EXERCISE —
Transcribe the lines below verbatim, skipping the images.

EXERCISE DATA —
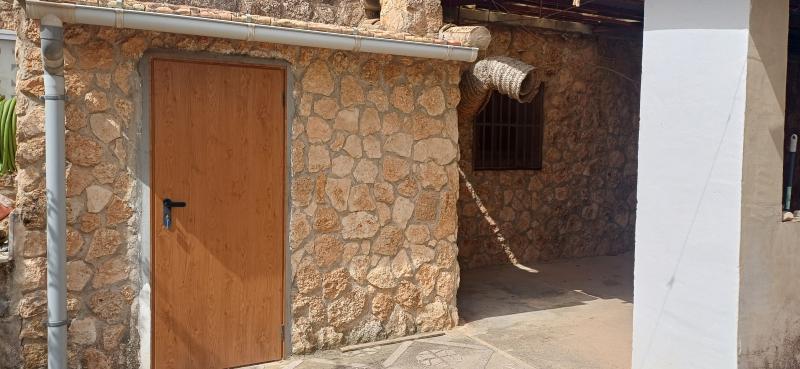 CHALET MUY CERCA DE YECLA, CON PISCINA Y AMUEBLADO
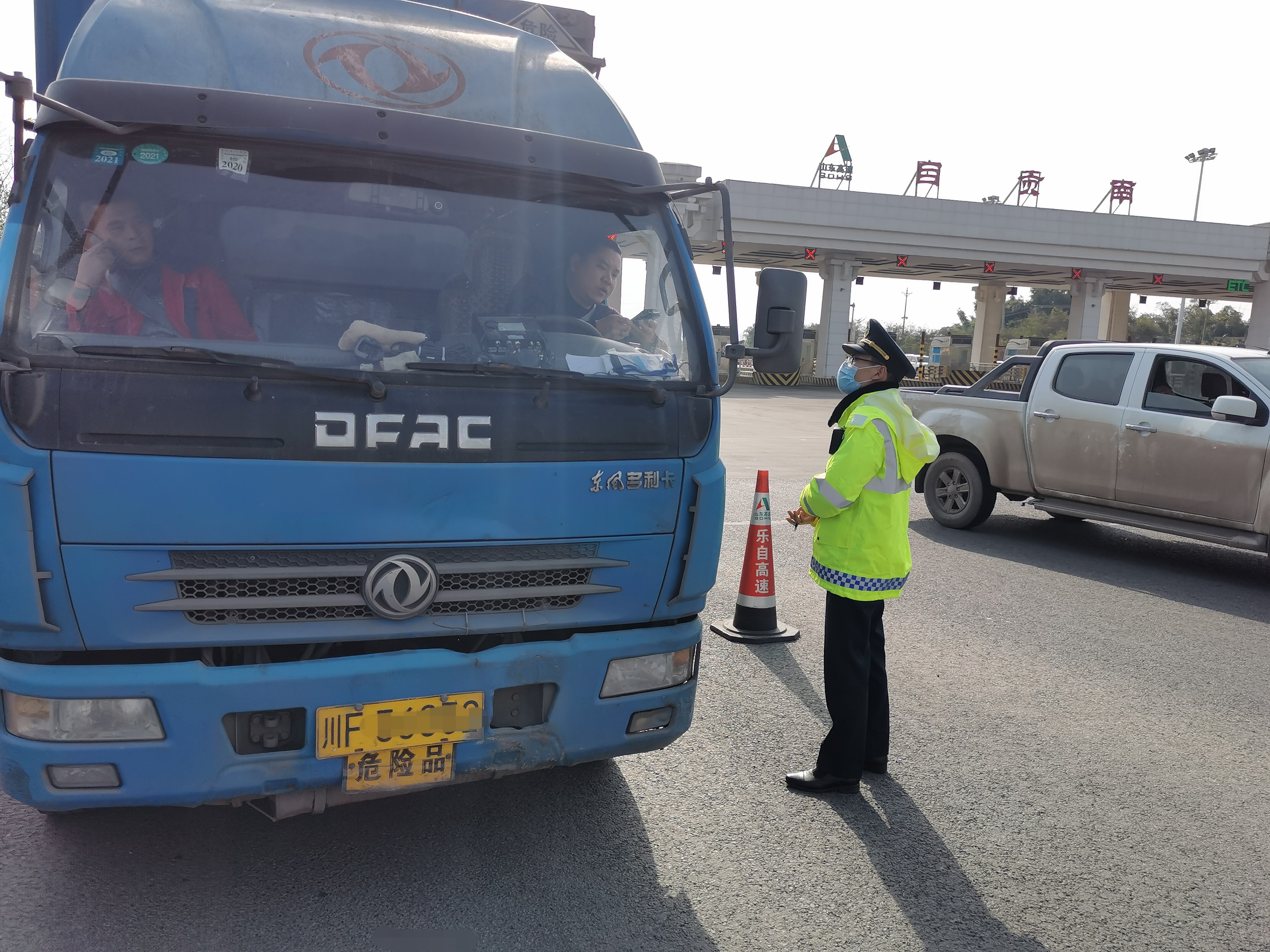 厅高速公路交通执法第四支队十三大队开展危险化学品运输车辆安全监管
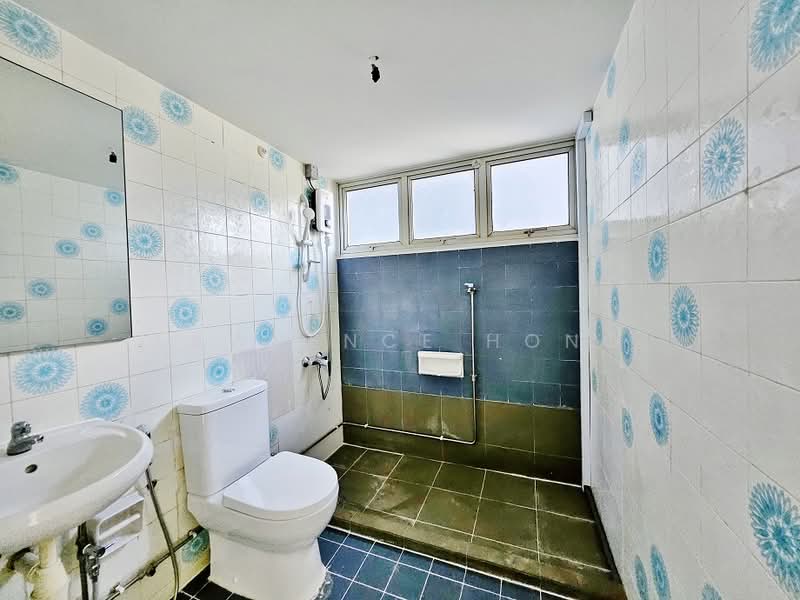 Chancery Court, 36H Dunearn Road, 2 Bedrooms, 926 sqft, Condominium For Rent, by Lawrence Hong, 25090894 - PropertyGuru.com.sg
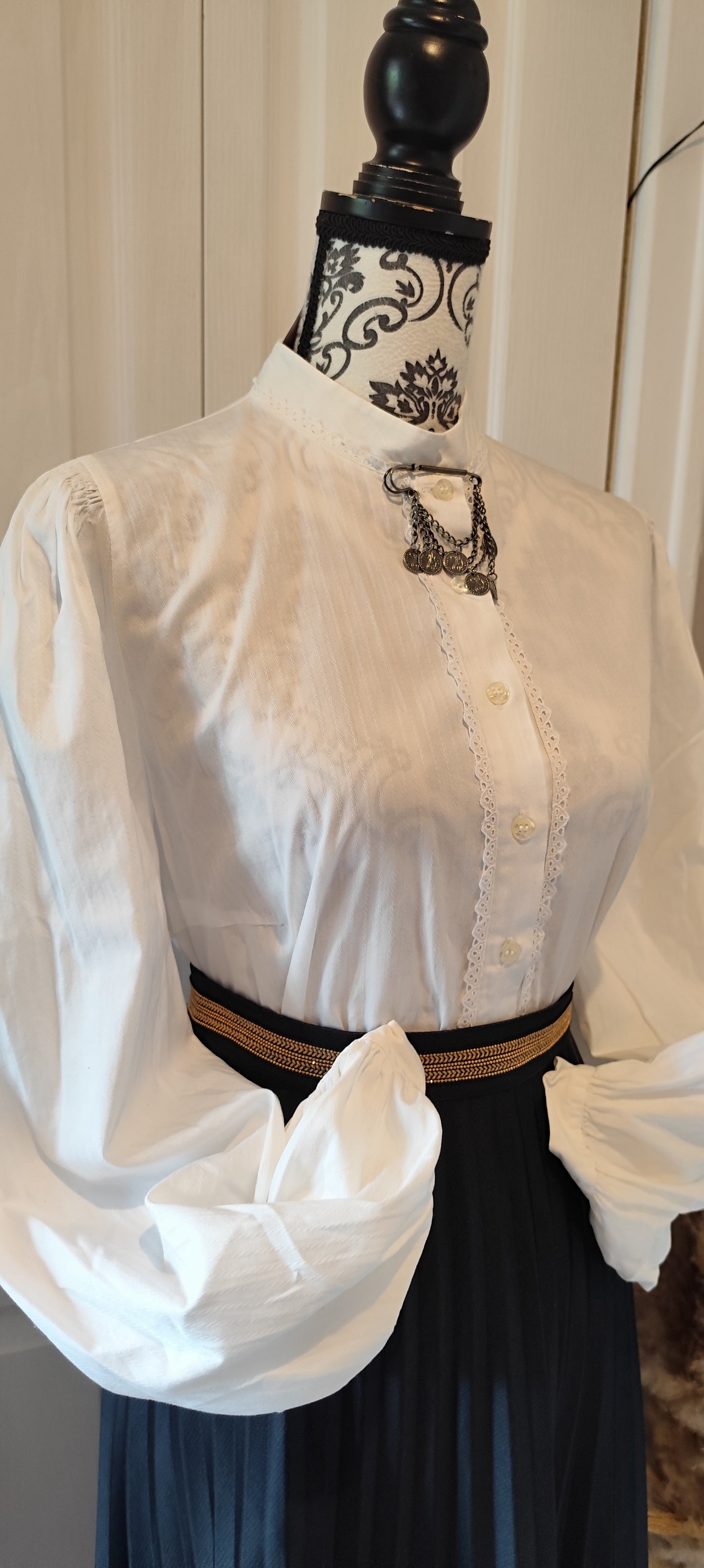 Chemise autrichienne/Distler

ANSWER TO THIS EXERCISE —
 CHALET MUY CERCA DE YECLA, CON PISCINA Y AMUEBLADO
 厅高速公路交通执法第四支队十三大队开展危险化学品运输车辆安全监管
 Chancery Court, 36H Dunearn Road, 2 Bedrooms, 926 sqft, Condominium For Rent, by Lawrence Hong, 25090894 - PropertyGuru.com.sg
 Chemise autrichienne/Distler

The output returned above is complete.